DATA EXCERPTS:

========

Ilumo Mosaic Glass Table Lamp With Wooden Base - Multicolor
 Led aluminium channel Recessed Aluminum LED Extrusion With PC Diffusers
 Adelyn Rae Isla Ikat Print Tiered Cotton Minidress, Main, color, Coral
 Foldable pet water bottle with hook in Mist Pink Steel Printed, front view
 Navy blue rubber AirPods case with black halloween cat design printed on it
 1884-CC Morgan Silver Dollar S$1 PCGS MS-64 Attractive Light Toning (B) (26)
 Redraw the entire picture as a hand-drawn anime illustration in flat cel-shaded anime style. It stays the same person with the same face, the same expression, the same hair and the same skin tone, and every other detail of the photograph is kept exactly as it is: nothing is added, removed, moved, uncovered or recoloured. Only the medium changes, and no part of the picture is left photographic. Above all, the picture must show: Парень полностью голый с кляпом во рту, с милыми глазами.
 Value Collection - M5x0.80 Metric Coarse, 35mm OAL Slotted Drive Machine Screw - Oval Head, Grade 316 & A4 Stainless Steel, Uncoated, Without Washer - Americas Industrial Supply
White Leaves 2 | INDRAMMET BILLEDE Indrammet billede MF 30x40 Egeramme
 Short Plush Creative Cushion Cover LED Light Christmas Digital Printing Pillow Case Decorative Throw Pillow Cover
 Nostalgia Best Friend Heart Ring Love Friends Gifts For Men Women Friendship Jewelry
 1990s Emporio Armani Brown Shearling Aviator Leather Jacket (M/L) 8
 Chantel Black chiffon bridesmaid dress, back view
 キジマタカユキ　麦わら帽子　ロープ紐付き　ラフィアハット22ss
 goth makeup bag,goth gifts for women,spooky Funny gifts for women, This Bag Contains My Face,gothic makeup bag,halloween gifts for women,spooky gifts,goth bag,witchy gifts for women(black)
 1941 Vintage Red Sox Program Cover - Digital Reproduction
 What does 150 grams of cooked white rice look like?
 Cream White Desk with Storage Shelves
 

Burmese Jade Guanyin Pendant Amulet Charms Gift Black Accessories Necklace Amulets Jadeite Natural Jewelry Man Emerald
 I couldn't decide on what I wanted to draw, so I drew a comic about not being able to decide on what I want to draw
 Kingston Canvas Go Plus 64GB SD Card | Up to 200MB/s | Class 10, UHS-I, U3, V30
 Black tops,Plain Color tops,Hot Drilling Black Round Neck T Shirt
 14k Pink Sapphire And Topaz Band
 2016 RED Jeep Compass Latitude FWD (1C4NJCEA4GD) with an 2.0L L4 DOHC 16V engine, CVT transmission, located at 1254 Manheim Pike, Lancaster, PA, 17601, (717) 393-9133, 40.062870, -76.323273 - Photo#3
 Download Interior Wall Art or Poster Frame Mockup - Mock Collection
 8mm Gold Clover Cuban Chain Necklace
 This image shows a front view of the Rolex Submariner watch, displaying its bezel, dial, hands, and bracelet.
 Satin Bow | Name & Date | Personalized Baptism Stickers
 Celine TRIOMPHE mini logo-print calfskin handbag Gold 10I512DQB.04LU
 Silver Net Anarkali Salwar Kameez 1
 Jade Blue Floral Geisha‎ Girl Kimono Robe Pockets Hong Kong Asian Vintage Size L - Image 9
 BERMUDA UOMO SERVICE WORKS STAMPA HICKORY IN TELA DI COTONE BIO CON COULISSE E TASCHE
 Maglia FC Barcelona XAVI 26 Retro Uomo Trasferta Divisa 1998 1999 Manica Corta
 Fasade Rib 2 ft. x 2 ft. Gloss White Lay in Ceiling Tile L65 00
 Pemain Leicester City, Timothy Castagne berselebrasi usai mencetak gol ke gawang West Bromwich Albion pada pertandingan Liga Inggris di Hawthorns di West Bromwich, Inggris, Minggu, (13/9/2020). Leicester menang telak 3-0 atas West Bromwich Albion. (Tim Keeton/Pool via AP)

========

YOUR ASSIGNMENT: Give again, word for word, every line from the one holding "Kingston Canvas Go" to the end of the data.

OUTPUT BELOW:
 Kingston Canvas Go Plus 64GB SD Card | Up to 200MB/s | Class 10, UHS-I, U3, V30
 Black tops,Plain Color tops,Hot Drilling Black Round Neck T Shirt
 14k Pink Sapphire And Topaz Band
 2016 RED Jeep Compass Latitude FWD (1C4NJCEA4GD) with an 2.0L L4 DOHC 16V engine, CVT transmission, located at 1254 Manheim Pike, Lancaster, PA, 17601, (717) 393-9133, 40.062870, -76.323273 - Photo#3
 Download Interior Wall Art or Poster Frame Mockup - Mock Collection
 8mm Gold Clover Cuban Chain Necklace
 This image shows a front view of the Rolex Submariner watch, displaying its bezel, dial, hands, and bracelet.
 Satin Bow | Name & Date | Personalized Baptism Stickers
 Celine TRIOMPHE mini logo-print calfskin handbag Gold 10I512DQB.04LU
 Silver Net Anarkali Salwar Kameez 1
 Jade Blue Floral Geisha‎ Girl Kimono Robe Pockets Hong Kong Asian Vintage Size L - Image 9
 BERMUDA UOMO SERVICE WORKS STAMPA HICKORY IN TELA DI COTONE BIO CON COULISSE E TASCHE
 Maglia FC Barcelona XAVI 26 Retro Uomo Trasferta Divisa 1998 1999 Manica Corta
 Fasade Rib 2 ft. x 2 ft. Gloss White Lay in Ceiling Tile L65 00
 Pemain Leicester City, Timothy Castagne berselebrasi usai mencetak gol ke gawang West Bromwich Albion pada pertandingan Liga Inggris di Hawthorns di West Bromwich, Inggris, Minggu, (13/9/2020). Leicester menang telak 3-0 atas West Bromwich Albion. (Tim Keeton/Pool via AP)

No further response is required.